Writing A Great First Resume Even If You Weren’t Top Student

Writing A Great First Resume Even If You Weren’t Top Student

Just because you weren’t star student doesn’t mean you can’t make your resume shine.

Unless you're Natalie Portman, taking the pains to craft a strong resume may springboard you early on in your career.

Unless you’re Natalie Portman, taking the pains to craft a strong resume may springboard you early on in your career.

Tommy has straight A’s, goes to one of those “branded” schools, is president of the student council and holds a string of leadership roles in other CCAs. Now with accolades like that, it’s safe to say you won’t have to sweat over your resume.

But let’s face it—most of us are not like Tommy.

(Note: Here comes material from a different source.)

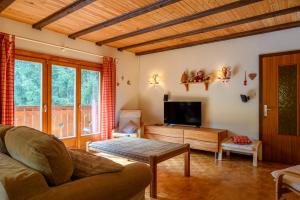 a living room with a couch and a tv at Chalet Les Airelles in Mittlach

The inconvenient truth is that the task of enriching your resume begins the moment you enter college. If you’re a year one student reading this, take a moment to envision how you want your resume to look like, and start working toward it—now.

But if you’re the average fresh graduate (and don’t feel bad, Michael Jordan didn’t make his school basketball team. Bill Gates didn’t even graduate), it’s about making the most out of what you do have.

Problem is, most people don’t. Here’s how to add shine to your resume without any unethical embellishment.

Content Is King

  • Have you shown commitment and leadership in CCAs? Show how you made a difference and what you achieved. No leadership positions? No problem.

Instead of writing “performed data entry”, try “keyed in more than 1,000 leads into student’s club marketing prospecting database, helping to generate more than $800 in sponsorships.” Makes a whole lot of difference, right?

  • Do you have relevant internships or held part-time jobs? Were you involved in community service? Put these down, with relevant details. If you were a waitress, don’t state the obvious—“served customers” in the job description. Try “waited on table during rush hour 20 hours a week on top of full course load”.
  • Use class projects as distinguishing resume content, complete with a pithy one liner.
  • Create upbeat, confident summary statements—but maintain balance between coherence and enthusiasm (no clichés like “self-motivated individual” though). Tip: use keywords from your target industry to show your understanding of what you know.

Show Some Personality

  • Contrary to what seems to be conventional wisdom, you do not have to sound serious and formal down to the last dot.

Member of the school photography club? Talk about fulfilling a personal desire to work with pinhole cameras. Or, don’t just put “reading” in your Personal Interests section; inject some flair and say, “travelling to other worlds through sci-fi and fantasy novels”.  Details, besides creating substance and depth, convey passion.

Always, the key is to stand out—hard to do that when you sound as stiff as everyone else.

General Nagging On Aesthetics 

  • One page is a more than acceptable length for fresh grads. Resumes are not meant to be exhaustive but a portfolio of your best. Make sure the fonts you choose are no-nonsense—Times New Roman and Georgia are your best bets (10- to 12-point size); no squiggly or cursive ones, and no over-the-top fancy design elements too.
  • Ensure that text is evenly spaced out such that it does not look too text-heavy or too sparse. A common layout mistake is to put sub-headers such as “Experience” and “Achievements” on the left and the corresponding string of bullet points on the right. This creates a very right-heavy feel with too much white space on the left.
  • If you want to insert a picture, make sure it is taken passport-style, in formal work attire. No nose studs, Mohawk coifs or guyliners. Suffice to say, cropping headshots from your holiday album or Zoukout night will not cut it, no matter how good you think you look.